Transmitter Network
Last updated
Last updated
UIP utilizes independent transmitter groups to process messages across networks, ensuring scalability and preventing transaction backlogs. Each transmitter group’s Transactions Per Second (TPS) is designed to match or exceed the TPS of the network it serves, maintaining efficiency and speed.
Transmitter groups operate exclusively within a single network, except for utility networks. To mitigate delays caused by consensus tasks like message validation and signature generation, UIP enables multiple parallel transmitter groups. This parallel structure accelerates processing while preserving message sequences and nonces, ensuring reliable and orderly cross-network communication.
UIP optimizes transmitters to improve scalability and efficiency in cross-chain messaging. These changes simplify integration for new protocols and streamline functionality for developers.
Single Network Focus: Transmitters work exclusively in one network plus the Entangle blockchain, allowing them to specialize and maximize performance.
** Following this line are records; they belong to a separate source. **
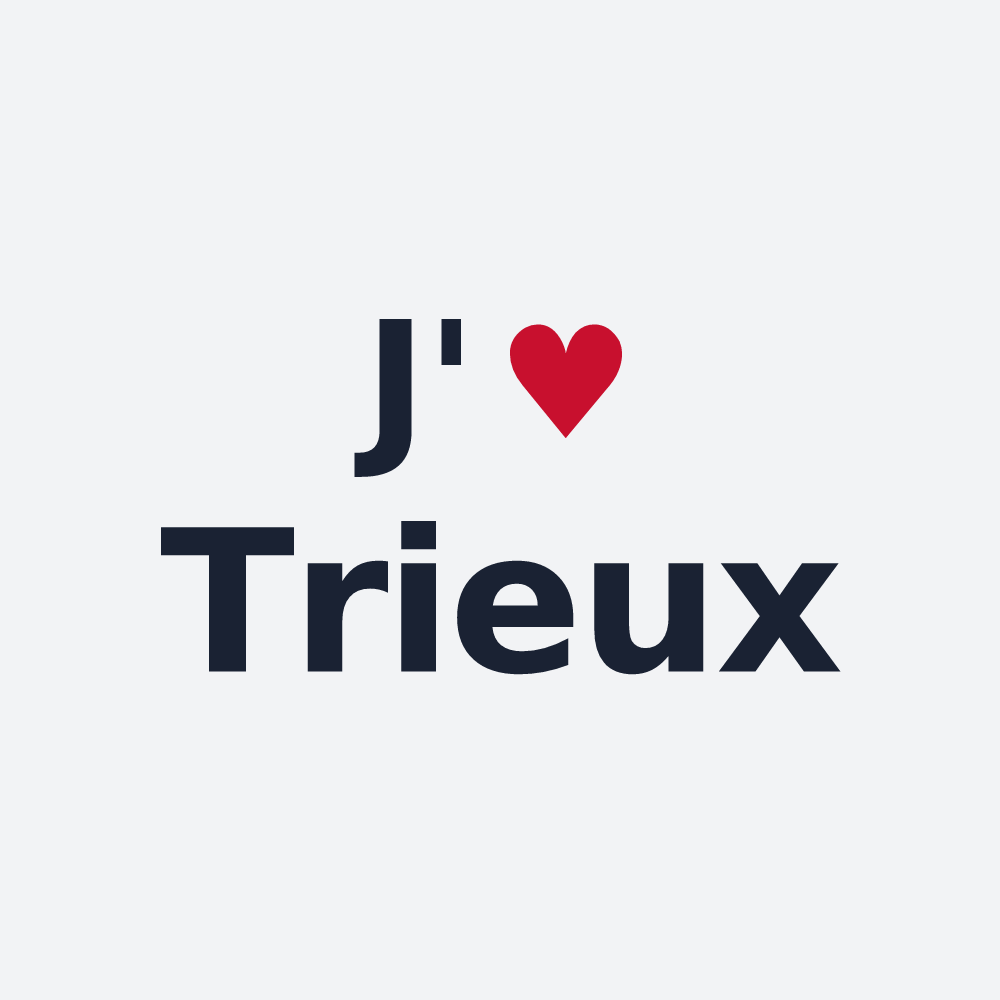 Poster personnalisé Trieux — design « J'aime Trieux » imprimé sur le poster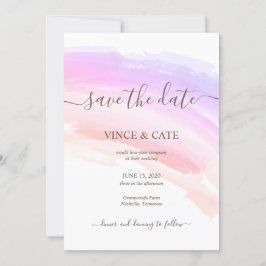 Schattierungen von Pink Watercolor Splash Wedding Einladung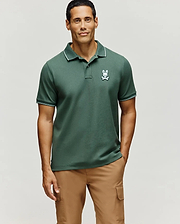 MENS TATE BUNNY PIQUE POLO - MT0100076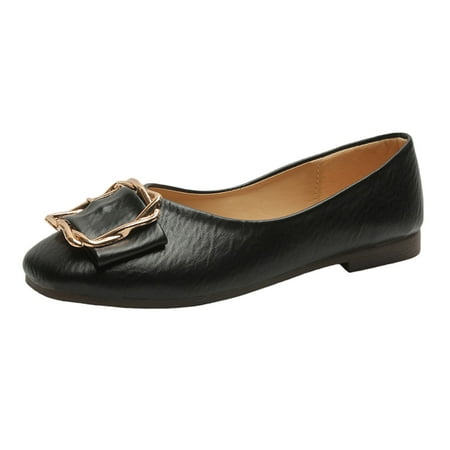 Follure Girl women s casual shoes Women Casual Solid Color Slip-On Flat Square Toe Sandals Work Single Shoes Black 40
Follure Girl women s casual shoes Women Casual Solid Color Slip-On Flat Square Toe Sandals Work Single Shoes Black 40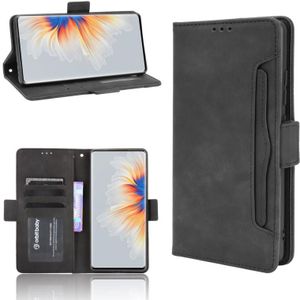 For Xiaomi Mi Mix 4 Skin Feel Calf Pattern Horizontal Flip Leather Case with Holder & Card Slots & Photo Frame(Black)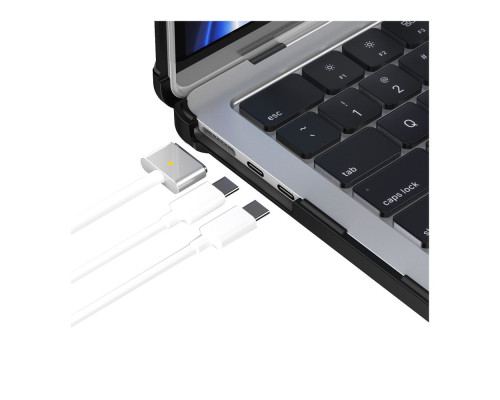 Накладка TPU+PC Color Diagram for MacBook Air 13" 2018/2020 （A2337 M1/A2179/A1932） Колір Navy 2020000472773 ma36670_3608870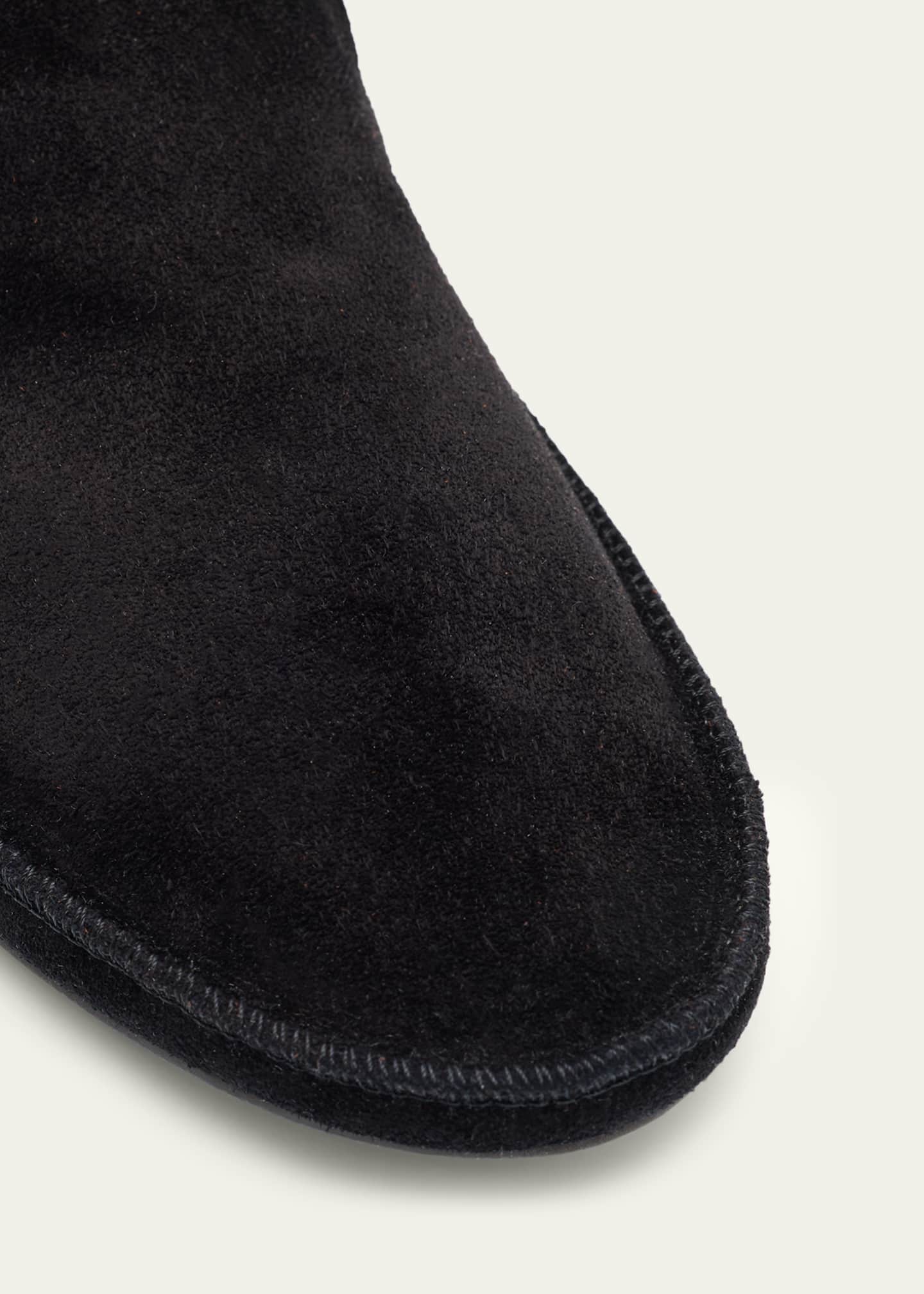 THE ROW Tyler Suede Moccasin Loafers - Bergdorf Goodman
This eliminates the inefficiency of spreading resources across multiple chains.
Dual Functionality: Transmitters act as both transmitters and executors simultaneously. They handle the entire process — relaying messages and executing transactions — removing the need for separate entities to manage these tasks.
No More Protocol-Specific Executors: Protocols no longer need to deploy their own executors. They only need to know EndPoint addresses. This drastically reduces the complexity of integrating with Photon, making it plug-and-play.
New Networks Manage Their Own Transmitters: When a new network is added, only that network needs to deploy transmitters to activate cross-chain messaging. Existing networks don’t need to manage transmitter deployment, streamlining onboarding and scalability.